**Recorded data**

──────

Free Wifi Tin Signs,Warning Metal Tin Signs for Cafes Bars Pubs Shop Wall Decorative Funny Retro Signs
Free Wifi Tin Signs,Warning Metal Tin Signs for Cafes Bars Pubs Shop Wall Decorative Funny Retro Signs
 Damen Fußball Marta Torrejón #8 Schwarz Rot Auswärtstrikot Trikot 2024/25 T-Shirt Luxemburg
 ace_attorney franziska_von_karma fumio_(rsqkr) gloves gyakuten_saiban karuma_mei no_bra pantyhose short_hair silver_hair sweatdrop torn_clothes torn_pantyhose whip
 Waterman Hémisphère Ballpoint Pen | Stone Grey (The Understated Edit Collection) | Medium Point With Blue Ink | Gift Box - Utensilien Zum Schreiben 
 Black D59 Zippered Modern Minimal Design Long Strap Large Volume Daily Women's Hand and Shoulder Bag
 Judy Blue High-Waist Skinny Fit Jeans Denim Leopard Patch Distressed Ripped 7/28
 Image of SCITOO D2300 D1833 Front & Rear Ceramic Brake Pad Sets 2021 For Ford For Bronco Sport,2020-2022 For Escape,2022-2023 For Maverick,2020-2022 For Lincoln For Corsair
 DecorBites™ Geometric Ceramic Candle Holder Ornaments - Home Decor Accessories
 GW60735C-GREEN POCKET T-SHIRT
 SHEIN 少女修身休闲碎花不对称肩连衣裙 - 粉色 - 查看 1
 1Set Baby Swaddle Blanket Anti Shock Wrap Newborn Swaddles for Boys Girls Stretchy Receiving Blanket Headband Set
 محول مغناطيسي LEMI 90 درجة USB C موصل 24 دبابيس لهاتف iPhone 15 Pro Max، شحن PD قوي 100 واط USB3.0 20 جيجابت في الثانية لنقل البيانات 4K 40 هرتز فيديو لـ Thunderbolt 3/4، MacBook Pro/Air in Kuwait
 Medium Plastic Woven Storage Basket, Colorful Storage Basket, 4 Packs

──────

**Task brief**
Each line from the start of the records through the line holding "Damen Fußball Marta" must be returned exactly; nothing else belongs in the answer.

**Response below**
Free Wifi Tin Signs,Warning Metal Tin Signs for Cafes Bars Pubs Shop Wall Decorative Funny Retro Signs
Free Wifi Tin Signs,Warning Metal Tin Signs for Cafes Bars Pubs Shop Wall Decorative Funny Retro Signs
 Damen Fußball Marta Torrejón #8 Schwarz Rot Auswärtstrikot Trikot 2024/25 T-Shirt Luxemburg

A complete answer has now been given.